Fassina è raggiunto dalla moglie Rosaria, che ha in mano la bandiera della Cgil di Vicenza. Ci sono i due figli piccoli, Cecilia e Livio. Domani, per loro, dovrebbe essere il giorno dello zoo, in riferimento all’ormai nota risposta di Fassina all’invito della Boschi alla Leopolda.
Oggi Cuperlo fa una foto all’intera famigliola ritrovatasi. A quel punto passa un anziano signore. Grida: “Gianni siamo gli ultimi mohicani”. Poi: “Oh, qua c’è pure Fassina”. L’anziano abbraccia Fassina, poggia il capo sul suo petto e scoppia in lacrime.
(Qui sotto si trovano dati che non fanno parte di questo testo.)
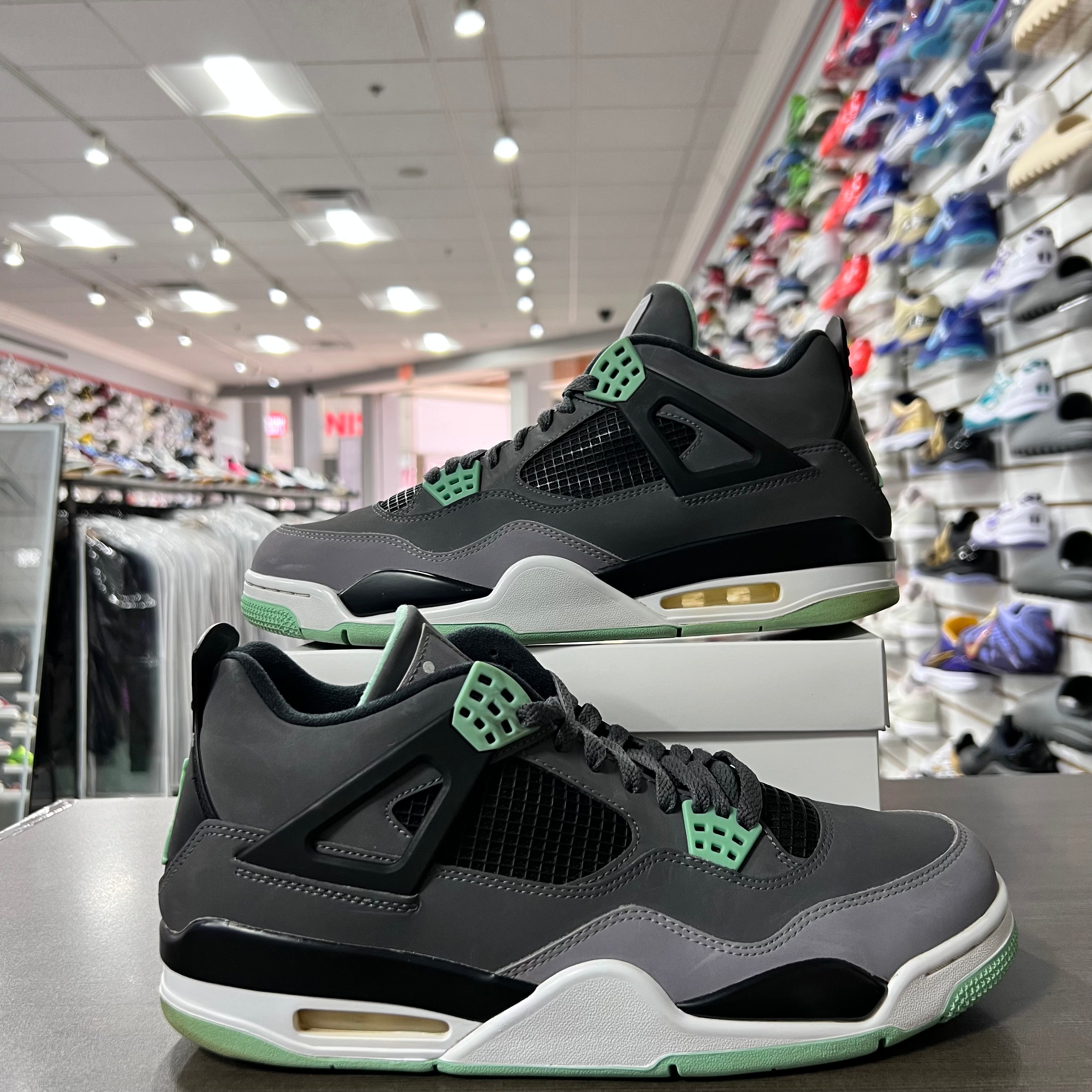 Jordan Retro 4 Mens Green Glow (Lightly Worn+Replacement Box)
È un pianto che dura più di un minuto. Anche Cuperlo partecipa all’abbraccio.
L’anziano si asciuga gli occhi. “Sono Iannacchero Antonio, vengo da Avellino, sono un pensionato della Cgil e ho votato Pd fino al 2013. Adesso sono di Sel”.
Rivolto a Fassina: “Tu sei una persona perbene. Mi devi promettere che a quello gli dai una pugnalata in fronte. Quello è un uomo di merda”.
Ecco il punto: come far rimanere questo popolo nel recinto del Pd renziano?
L’assenza di Bersani e il tormento della scissione
Il fondamentale quesito tormenta la minoranza del Pd più del sole di questa mattinata. Tutti ripetono lo stesso ritornello: “Questo popolo è del Pd”. Ma gli assenti pesano. Bersani non c’è. Orfini, giovane turco, è in Cina. Mancano il capogruppo della Camera, Speranza, e i bersaniani della segreteria.
Dice D’Attorre: “No, non ho sentito ancora Bersani. Non venendo, lui si è incaricato dell’unità del partito, a differenza del segretario”. L’obiettivo della “Ditta” rosso antico, Civati a parte, è quello di riprendersi il partito, non di andarsene. Per il momento la prossima trincea è il Jobs Act a Montecitorio. Il sussulto finale è di Cuperlo: “Oggi andrò a vedere Leop…”. Silenzio. “Oggi andrò a vedere Leopardi al cinema”.
La Leopolda è a una distanza siderale, non a un’ora e quarantacinque di treno.